The Police boss said, INTERPOL was still on the trail of the killers of four Nigerian students and a school pupil in Ghana alone. This is even as the leaders of the Academic Staff Union of Universities and National Association of Nigerian Students have called on President Goodluck Jonathan to tackle the issue of student safety in Ghana, with a view to preventing the breakdown of bilateral relations between the two countries.
“There are as many as 75,000 Nigerians in tertiary institutions in neighbouring Ghana, which is known for providing friendly working and living conditions for foreign students.”
He gave the breakdown of Nigerian students killed abroad as follows: In November, barely 26 days after Ogukwe’s death, two Nigerian students, Eddy and Charles of KNUS Federal University Accra, lost their lives, during an excursion with their school mates, the school claimed they got drowned.
”Only two weeks ago, Mr. Godwin Ayogu, a 300 level Social Science student of University of Cape Coast Central Region was brutally killed on February 20th, and his lifeless body was found on campus,” a member of the House of Representatives Hon. Abike Dabiri-Erewa said.
Explaining further, the police boss said Malaysia police killed one Tunde Adelabu from Ekiti State, a student of Lagenda University, Nilai, Malaysia, adding that more than 80 Nigerian students were currently in danger in Malaysia, according to reports, with no intervention whatsoever from the nation’s embassy in Malaysia.
The Nigerian INTERPOL chief said: “Also, a group of unknown Russians last two weeks stabbed a female Nigerian, Forester Samson, to death in Russia. In Dubai, Toba Falode, 19-year-old son of a popular sports caster, Aisha Falode, a student of SAE Institute, Dubai, died in mysterious circumstances. In South Africa, the humiliating video of a Nigerian man stripped and beaten publicly by South African police has made news all over the world.“
Last week five students at the University of Cape Coast in Ghana were arrested after the gruesome murder of Nigerian social science student Godwin Ayogu, 19. He was apparently killed after trying to recover money he had lent to a fellow student.

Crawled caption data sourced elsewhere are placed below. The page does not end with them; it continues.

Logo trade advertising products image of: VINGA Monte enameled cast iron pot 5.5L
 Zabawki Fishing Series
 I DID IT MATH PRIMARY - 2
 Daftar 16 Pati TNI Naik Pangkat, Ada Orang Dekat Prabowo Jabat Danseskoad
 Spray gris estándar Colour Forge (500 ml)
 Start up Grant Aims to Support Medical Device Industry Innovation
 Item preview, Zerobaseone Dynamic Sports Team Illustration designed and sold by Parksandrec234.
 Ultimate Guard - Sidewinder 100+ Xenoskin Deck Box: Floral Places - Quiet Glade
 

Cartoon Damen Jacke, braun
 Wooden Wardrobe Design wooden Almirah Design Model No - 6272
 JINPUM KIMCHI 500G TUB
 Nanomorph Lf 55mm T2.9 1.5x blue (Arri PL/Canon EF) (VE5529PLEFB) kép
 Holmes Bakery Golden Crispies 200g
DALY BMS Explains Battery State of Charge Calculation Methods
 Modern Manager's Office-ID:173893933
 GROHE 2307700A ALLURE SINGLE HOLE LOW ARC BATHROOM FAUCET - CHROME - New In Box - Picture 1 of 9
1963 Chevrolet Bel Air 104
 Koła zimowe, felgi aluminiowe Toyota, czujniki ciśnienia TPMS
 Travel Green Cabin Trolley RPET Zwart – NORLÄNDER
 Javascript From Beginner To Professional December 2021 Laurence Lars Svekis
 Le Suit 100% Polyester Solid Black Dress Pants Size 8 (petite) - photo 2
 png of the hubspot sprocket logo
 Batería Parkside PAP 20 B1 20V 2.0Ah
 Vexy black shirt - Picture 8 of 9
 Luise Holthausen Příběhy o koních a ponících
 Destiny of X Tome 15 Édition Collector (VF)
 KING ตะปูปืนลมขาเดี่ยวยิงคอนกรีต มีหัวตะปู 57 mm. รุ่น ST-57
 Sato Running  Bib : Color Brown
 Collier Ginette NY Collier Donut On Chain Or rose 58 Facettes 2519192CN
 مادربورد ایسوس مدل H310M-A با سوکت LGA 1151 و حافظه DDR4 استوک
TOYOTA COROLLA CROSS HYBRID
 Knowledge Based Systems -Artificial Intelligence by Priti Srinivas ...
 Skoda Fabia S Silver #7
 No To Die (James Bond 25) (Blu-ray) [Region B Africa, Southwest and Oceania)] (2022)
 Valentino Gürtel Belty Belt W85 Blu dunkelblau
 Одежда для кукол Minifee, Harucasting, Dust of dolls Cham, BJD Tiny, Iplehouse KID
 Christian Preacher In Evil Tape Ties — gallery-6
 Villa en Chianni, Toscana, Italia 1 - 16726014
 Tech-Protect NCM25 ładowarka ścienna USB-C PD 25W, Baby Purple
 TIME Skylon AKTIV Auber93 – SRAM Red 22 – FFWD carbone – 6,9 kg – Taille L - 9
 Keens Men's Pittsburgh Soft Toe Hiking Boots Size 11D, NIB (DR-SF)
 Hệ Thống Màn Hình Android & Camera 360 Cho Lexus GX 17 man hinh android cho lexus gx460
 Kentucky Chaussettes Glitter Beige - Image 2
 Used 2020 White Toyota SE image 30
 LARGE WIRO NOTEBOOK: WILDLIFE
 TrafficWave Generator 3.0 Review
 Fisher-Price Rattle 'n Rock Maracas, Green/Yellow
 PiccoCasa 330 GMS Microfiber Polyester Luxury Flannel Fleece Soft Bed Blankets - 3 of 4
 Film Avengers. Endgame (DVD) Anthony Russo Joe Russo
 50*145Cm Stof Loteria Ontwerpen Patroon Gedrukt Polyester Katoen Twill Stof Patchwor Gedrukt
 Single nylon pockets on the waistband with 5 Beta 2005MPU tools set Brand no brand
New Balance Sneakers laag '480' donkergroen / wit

His death followed the drowning of two Nigerian students from Knutsford University College in Accra while on an outing with university officials, and the mysterious death in October last year of 15-year-old Nigerian Austin Ogukwe, a student at Ideal College in Tema.
Nigeria’s human rights community has also lent its voice to those worried about student safety in other countries. “The sanctity of life cannot be compromised under any guise. The rights of foreigners must be adequately protected,” said Sylvester Odion-Akhaine, executive director of the Centre for Constitutionalism and Demilitarisation.
He said the issue not only posed the question of how safe Nigerian students were on the Gold Coast and in other countries, but also how interested university managements were in the well-being of foreign students, most of whom were teenagers.
The right activist added, “last month another Nigerian student, Adelabu Tunde, was shot dead by Malaysian police. He was killed while walking home from his studies at Legenda University.”